((

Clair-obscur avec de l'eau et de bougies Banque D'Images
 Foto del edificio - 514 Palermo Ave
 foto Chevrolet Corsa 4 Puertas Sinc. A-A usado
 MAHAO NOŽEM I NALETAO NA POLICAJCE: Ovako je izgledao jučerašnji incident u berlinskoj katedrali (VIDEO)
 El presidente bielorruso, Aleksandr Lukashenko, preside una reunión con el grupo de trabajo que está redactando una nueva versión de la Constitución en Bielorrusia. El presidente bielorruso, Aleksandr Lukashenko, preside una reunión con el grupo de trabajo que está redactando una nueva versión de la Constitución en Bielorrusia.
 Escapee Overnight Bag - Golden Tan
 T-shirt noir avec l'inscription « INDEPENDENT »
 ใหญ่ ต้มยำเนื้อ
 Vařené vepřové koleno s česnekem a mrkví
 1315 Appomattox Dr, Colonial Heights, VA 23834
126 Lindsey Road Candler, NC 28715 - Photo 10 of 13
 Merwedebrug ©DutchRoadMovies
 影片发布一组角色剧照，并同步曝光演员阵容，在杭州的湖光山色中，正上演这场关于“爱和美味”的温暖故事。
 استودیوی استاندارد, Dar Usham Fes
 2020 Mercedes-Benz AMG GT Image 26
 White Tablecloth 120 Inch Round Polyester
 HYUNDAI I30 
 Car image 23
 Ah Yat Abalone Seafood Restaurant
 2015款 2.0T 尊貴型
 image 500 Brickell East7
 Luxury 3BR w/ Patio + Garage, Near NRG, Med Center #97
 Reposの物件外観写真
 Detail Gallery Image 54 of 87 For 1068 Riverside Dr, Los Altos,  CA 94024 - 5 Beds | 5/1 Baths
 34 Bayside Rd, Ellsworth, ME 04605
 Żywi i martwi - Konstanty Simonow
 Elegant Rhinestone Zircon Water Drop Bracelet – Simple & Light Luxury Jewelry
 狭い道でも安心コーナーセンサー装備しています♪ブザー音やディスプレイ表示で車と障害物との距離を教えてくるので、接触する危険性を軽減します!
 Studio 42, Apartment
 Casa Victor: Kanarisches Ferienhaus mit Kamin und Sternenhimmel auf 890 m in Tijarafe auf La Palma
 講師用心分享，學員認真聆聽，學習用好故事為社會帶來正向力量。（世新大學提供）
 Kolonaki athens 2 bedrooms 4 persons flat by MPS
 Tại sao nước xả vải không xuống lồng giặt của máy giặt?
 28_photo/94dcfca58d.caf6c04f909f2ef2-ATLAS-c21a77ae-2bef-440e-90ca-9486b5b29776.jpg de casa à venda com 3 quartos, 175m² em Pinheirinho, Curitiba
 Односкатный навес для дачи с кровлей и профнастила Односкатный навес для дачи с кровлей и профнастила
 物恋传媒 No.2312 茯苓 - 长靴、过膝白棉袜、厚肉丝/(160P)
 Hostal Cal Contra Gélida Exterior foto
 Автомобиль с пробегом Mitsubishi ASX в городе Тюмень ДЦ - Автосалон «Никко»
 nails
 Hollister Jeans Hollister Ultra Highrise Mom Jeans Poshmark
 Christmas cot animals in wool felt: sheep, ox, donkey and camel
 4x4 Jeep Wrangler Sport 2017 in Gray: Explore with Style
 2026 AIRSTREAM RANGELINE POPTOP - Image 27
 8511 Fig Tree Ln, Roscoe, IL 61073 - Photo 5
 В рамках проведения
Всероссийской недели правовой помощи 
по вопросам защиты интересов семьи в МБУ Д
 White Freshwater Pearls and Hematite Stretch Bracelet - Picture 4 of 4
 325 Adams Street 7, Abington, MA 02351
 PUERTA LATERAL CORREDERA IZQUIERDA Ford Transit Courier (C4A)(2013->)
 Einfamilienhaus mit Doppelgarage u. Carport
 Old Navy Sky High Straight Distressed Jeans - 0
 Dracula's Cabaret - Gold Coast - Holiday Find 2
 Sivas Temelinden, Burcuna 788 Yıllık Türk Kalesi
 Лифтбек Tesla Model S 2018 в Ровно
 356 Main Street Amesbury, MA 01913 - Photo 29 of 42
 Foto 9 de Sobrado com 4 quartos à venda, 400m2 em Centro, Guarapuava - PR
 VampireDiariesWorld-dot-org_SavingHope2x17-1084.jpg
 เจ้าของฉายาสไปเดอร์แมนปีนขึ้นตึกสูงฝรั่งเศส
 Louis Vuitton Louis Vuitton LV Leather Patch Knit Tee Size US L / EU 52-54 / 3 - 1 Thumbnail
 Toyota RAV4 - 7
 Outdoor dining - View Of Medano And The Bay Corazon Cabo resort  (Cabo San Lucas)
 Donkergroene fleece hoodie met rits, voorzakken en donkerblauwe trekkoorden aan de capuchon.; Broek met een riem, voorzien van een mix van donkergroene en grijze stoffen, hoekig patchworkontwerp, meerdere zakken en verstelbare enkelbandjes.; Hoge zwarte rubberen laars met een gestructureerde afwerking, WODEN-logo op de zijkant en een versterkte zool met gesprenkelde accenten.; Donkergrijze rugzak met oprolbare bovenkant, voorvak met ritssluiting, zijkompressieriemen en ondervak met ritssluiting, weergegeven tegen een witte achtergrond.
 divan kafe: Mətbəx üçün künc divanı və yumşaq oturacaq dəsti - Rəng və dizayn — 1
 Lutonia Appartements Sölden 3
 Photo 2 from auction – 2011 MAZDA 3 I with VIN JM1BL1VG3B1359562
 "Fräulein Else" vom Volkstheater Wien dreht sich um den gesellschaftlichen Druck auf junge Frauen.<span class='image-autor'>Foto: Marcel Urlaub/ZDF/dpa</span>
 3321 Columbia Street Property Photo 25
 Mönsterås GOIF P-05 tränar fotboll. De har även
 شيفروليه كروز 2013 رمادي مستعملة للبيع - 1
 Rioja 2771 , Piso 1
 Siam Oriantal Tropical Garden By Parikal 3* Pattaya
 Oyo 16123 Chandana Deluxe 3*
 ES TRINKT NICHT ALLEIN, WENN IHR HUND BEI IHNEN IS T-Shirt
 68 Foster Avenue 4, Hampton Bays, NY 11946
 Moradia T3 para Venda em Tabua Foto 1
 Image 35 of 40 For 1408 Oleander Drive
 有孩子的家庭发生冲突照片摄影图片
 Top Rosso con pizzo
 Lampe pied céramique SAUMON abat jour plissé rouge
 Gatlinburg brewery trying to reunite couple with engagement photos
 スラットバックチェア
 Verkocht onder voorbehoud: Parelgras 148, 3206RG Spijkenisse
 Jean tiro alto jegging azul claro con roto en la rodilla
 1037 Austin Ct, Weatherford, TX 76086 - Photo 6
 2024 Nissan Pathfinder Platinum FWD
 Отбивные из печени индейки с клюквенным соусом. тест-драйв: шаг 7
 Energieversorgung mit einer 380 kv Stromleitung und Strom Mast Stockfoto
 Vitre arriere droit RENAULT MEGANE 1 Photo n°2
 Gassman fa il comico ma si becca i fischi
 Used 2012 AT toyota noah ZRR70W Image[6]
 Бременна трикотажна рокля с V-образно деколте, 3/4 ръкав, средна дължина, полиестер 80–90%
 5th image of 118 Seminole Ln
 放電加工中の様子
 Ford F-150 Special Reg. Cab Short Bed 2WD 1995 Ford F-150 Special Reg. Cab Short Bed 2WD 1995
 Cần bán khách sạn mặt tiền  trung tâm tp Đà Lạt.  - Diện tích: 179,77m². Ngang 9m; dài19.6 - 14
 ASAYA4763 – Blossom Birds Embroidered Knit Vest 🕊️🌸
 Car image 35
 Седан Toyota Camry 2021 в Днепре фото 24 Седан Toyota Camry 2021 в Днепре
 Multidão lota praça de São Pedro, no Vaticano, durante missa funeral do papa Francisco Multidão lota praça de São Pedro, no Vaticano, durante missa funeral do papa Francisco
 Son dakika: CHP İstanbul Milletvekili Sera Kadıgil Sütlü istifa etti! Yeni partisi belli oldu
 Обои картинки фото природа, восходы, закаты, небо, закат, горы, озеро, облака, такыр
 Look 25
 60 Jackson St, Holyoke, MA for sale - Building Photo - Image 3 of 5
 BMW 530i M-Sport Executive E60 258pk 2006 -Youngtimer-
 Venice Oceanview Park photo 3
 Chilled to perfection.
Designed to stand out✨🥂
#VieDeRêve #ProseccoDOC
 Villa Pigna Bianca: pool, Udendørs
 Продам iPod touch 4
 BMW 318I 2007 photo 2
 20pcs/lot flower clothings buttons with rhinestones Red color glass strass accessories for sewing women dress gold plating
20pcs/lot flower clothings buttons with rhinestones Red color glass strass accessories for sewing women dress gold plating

))

Task to carry out ->
Could you retype exactly the lines above, starting at the line that contains "Gassman fa il comico ma si becca i fischi" and ending at the line that contains "60 Jackson St, Holyoke, MA", and nothing more?

Problem solution ->
 Gassman fa il comico ma si becca i fischi
 Used 2012 AT toyota noah ZRR70W Image[6]
 Бременна трикотажна рокля с V-образно деколте, 3/4 ръкав, средна дължина, полиестер 80–90%
 5th image of 118 Seminole Ln
 放電加工中の様子
 Ford F-150 Special Reg. Cab Short Bed 2WD 1995 Ford F-150 Special Reg. Cab Short Bed 2WD 1995
 Cần bán khách sạn mặt tiền  trung tâm tp Đà Lạt.  - Diện tích: 179,77m². Ngang 9m; dài19.6 - 14
 ASAYA4763 – Blossom Birds Embroidered Knit Vest 🕊️🌸
 Car image 35
 Седан Toyota Camry 2021 в Днепре фото 24 Седан Toyota Camry 2021 в Днепре
 Multidão lota praça de São Pedro, no Vaticano, durante missa funeral do papa Francisco Multidão lota praça de São Pedro, no Vaticano, durante missa funeral do papa Francisco
 Son dakika: CHP İstanbul Milletvekili Sera Kadıgil Sütlü istifa etti! Yeni partisi belli oldu
 Обои картинки фото природа, восходы, закаты, небо, закат, горы, озеро, облака, такыр
 Look 25
 60 Jackson St, Holyoke, MA for sale - Building Photo - Image 3 of 5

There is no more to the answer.